The first two Parts are set in the West Indies, where Antoinette, the offspring of a Creole family, was brought up. In Part One she describes her early life. Part Two is the story of her (unnamed in the text) husband’s sojourn in the West Indies, where he and Antoinette married quickly after the illness which followed his arrival, and honeymooned in Dominica. There he receives a letter from a man who claims to be Antoinette’s half-brother, telling him he has been duped into the match as Antoinette is unstable and has a past. This is backed up by the attitude of those in Jamaica who knew her. The marriage is thereby doomed, its failure and her husband’s adultery contribute to Antoinette’s mental decline. Part Three sees our heroine locked up in an attic in England (though she is not entirely sure she is in that country) attended only by a nurse called Grace Poole.

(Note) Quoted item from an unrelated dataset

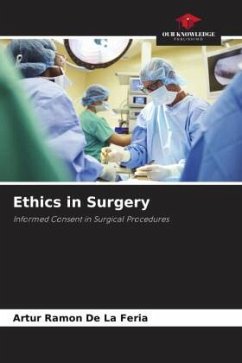 Ethics in Surgery - Ramon De La Feria, Artur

Hers and Antoinette’s names along with those of her stepfather and stepbrother are the only overt clues to the connection between this story and Jane Eyre. There are of course other correspondences, however; Antoinette/Bertha’s fascination with fire, her taking advantage of Poole’s falling asleep to roam the wider house, her attack on a man who comes to visit her, but this book is complete in and of itself and could be read with no knowledge of the previous book without any detraction from it.

Wide Sargasso Sea is both a commentary on Jane Eyre and on the ramifications of slavery and its abolition. Its illustration of the inequality of power between men and women also reflects the ending of Brontë’s novel where Jane brings herself to marry Rochester only after he has been blinded, when she has the advantage. There is, however, a kind of opacity to Rhys’s writing which makes it something of a chore to read.

Note to the sensitive; there are many uses of the n-word, but that is true to the times depicted.

Pedant’s corner:- In the Introduction; diststrous (disastrous.) Otherwise – a missing comma before a speech quote (x 3,) a comma missing at the end of a piece of direct speech, cocoanut (nowadays spelled coconut,) “the row of small trees outside my window were covered” (the row …. was covered,) 14 completed thoughts, italicised and in parentheses, mostly of one sentence but some with two, giving us the husband’s thoughts while someone else is speaking to him but only 12 of them had full stops at the end, hynotized (hypnotised,) frangipanni (frangipani; as used earlier.)